_Data shown_

:::::

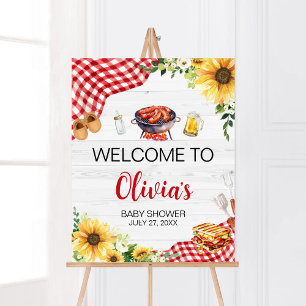 Affiche Baby shower Sunflower BBQ Bienvenue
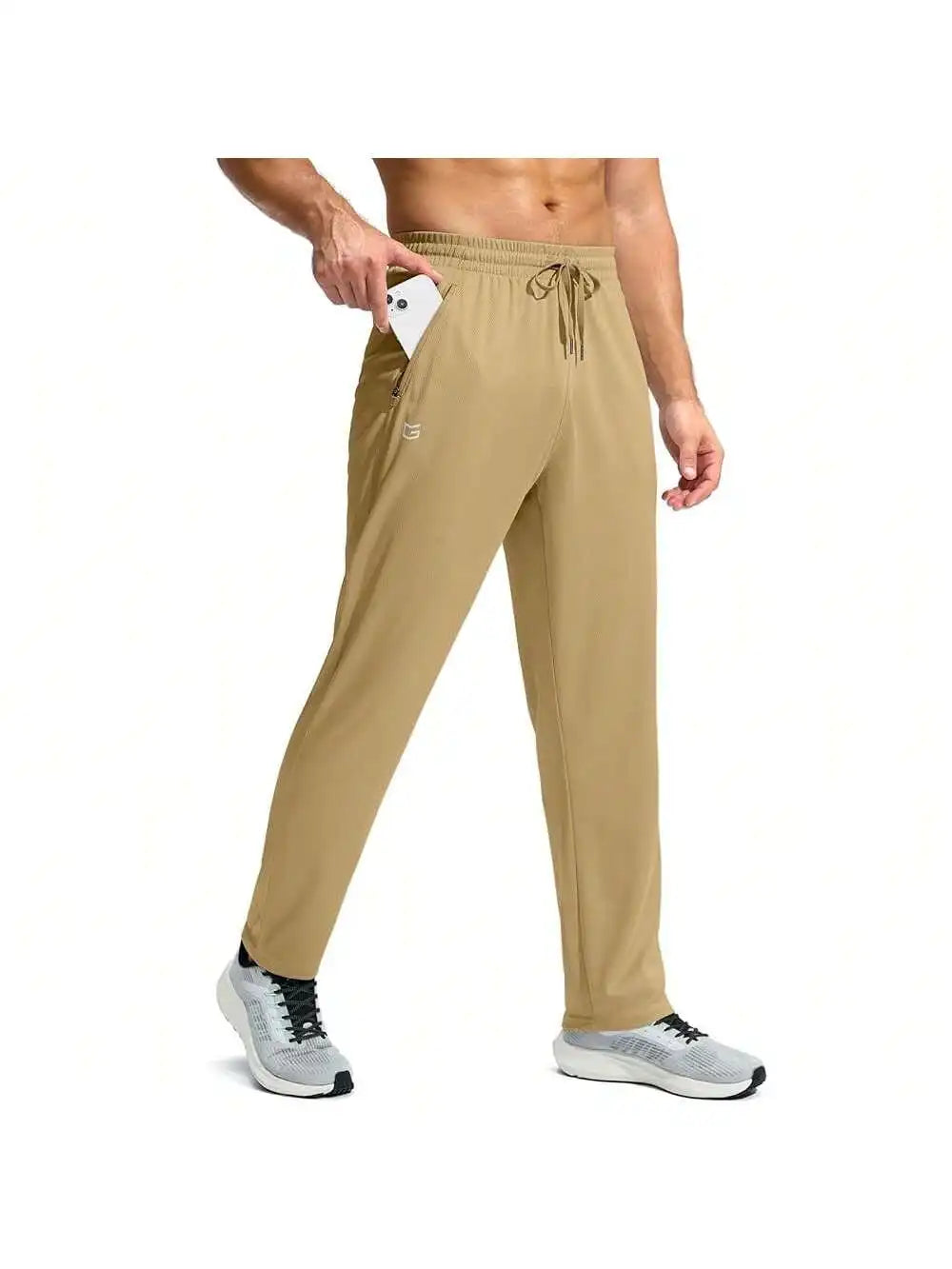 Mens Lightweight Mesh Sweatpants With Zipper Pockets Open Bottom Athletic Pants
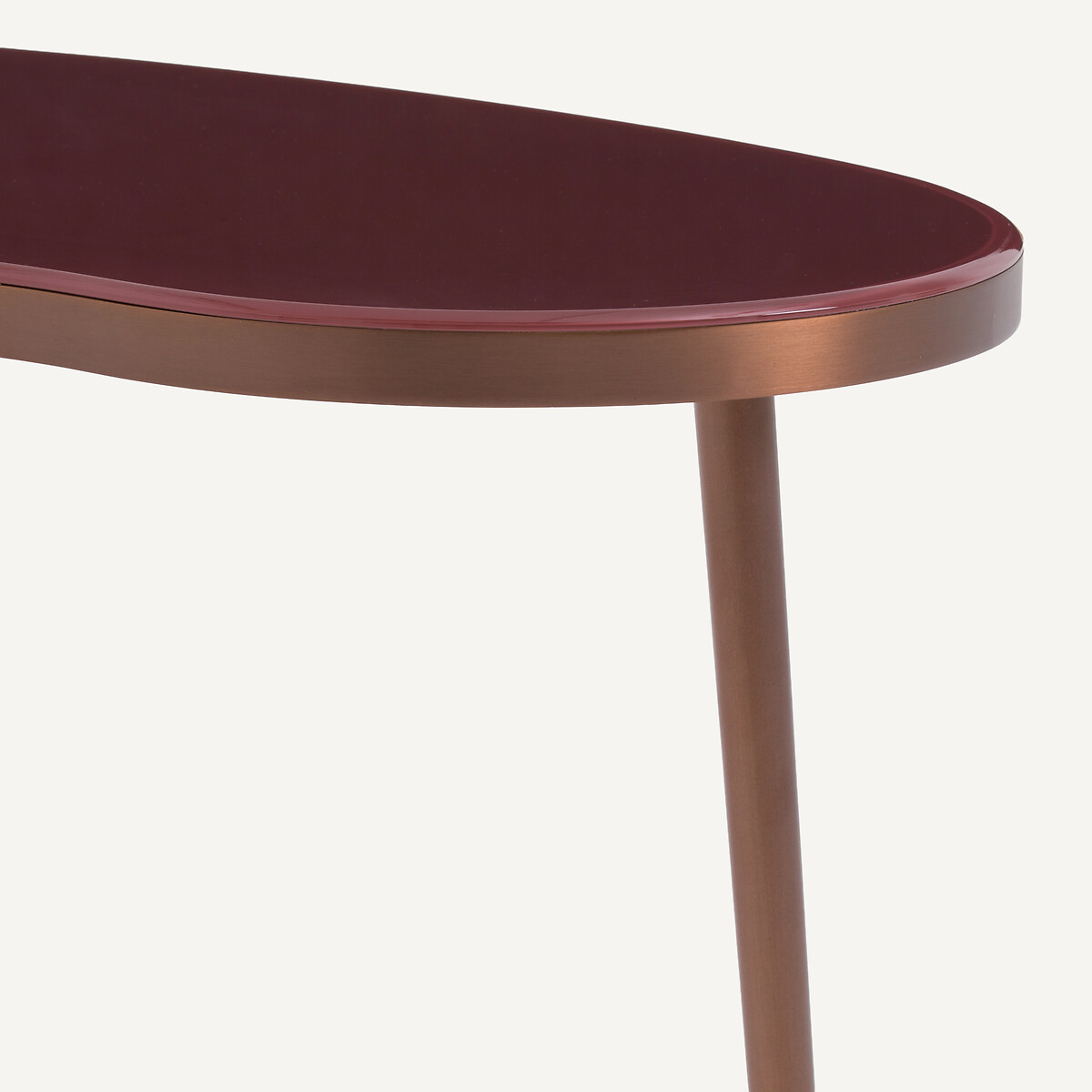 Mesa de centro de diseño orgánico, en acero y superficie de cristal templado, GALO borgoña, AM.PM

:::::

Exclude every picture and copy the remaining data exactly.

_Solution to this exercise_
 Affiche Baby shower Sunflower BBQ Bienvenue
 Mens Lightweight Mesh Sweatpants With Zipper Pockets Open Bottom Athletic Pants
 Mesa de centro de diseño orgánico, en acero y superficie de cristal templado, GALO borgoña, AM.PM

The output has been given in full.